Growing up, we’ve all watched movies that told the story of the ANZACs. On the 25th of April each year, we stand in complete silence. You can hear a pin drop. The bugle plays, flags are lowered. We pay tribute to those who gave their lives in the ultimate sacrifice. We hear of the comradery between Australia and New Zealand, strengthened by the atrocities the ANZACs endured together during the Great War.

I didn’t realise that this comradery extended beyond the history books and into our everyday lives. Earlier this month, Alyce Devlin, Tamsyn Henry and myself attended the New Zealand Nationals. From the moment we touched down in Wellington, we were welcomed with open arms. The customs officers joked with us about our ‘funny looking’ rifles, and told us to ‘shoot well, but not too well.’

As we arrived at Palmerston North, (where the NZ Nationals were being held) the view was almost postcard-perfect, with sheep frolicking in the distance as the trees waved in the breeze.
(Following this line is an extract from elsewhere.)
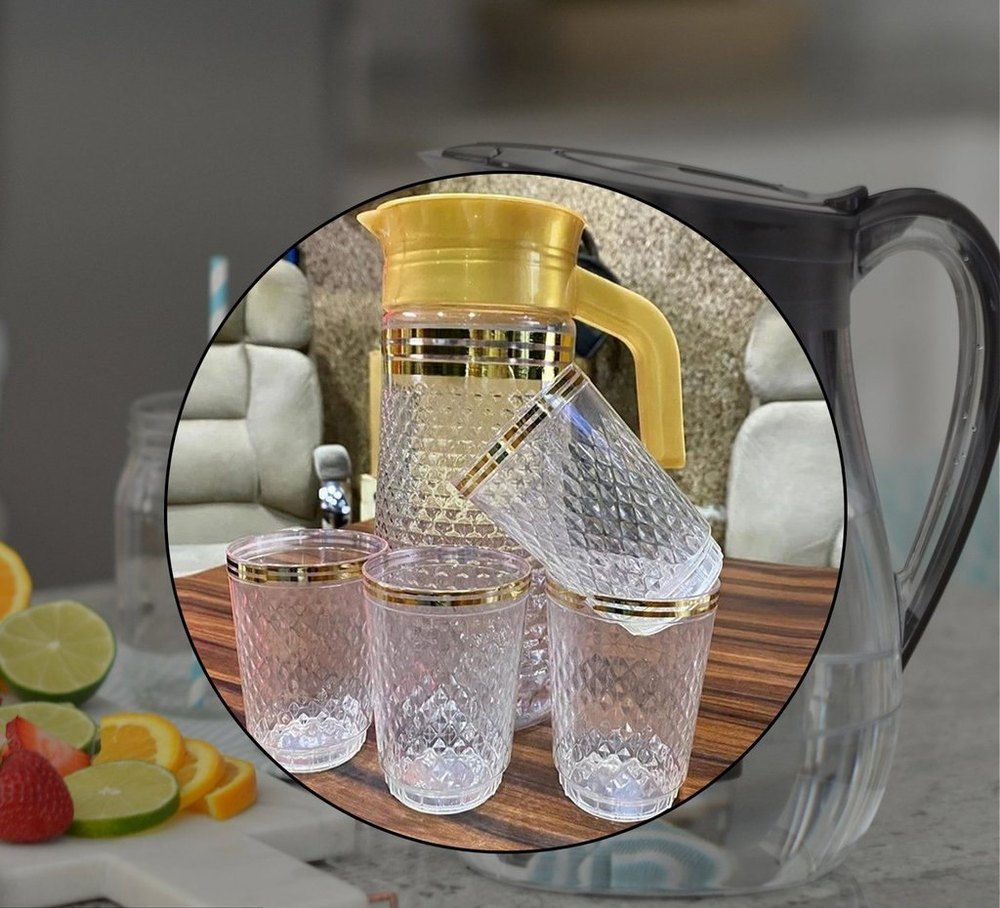 Plastic Transparent Unbreakable Lemon Juice Jug Set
We could not have asked for a better environment to compete in. It was a beautiful 24 degrees, and coming from the 40 degree Queensland summer, we were bundled up in our winter jumpers and scarves. Meanwhile, our Kiwi counterparts were in singlets and thongs, complaining about the heat.

To top it all off, the kiwi competitors treated us like we were their own. Coming from electronic targets to paper targets, meant we were not the best at setting up scopes. With no hesitation, they were on the scene and showing us the quickest way to move between positions.
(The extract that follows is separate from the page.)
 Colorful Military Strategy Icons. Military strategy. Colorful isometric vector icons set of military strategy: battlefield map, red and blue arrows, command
Shot over 3 days, the competition was close. With scores going back and forth across the three events. The conditions for the 3P match were quite favourable; a nice constant breeze with only a few tricky changes. The air rifle range was homely and familiar, the paper targets barely changing the overall shooting experience.
Between these competitions, we dined together and shared stories, made plans for future visits. The only time things got heated, was when the origins of Pavlova was mentioned at the dinner table. I’m sure this discussion will be continued when we meet again.

The important part of these Nationals were not the results or which one of us won, it’s the rediscovered friendship between competitive shooters of our two countries that for many years seemed to be forgotten.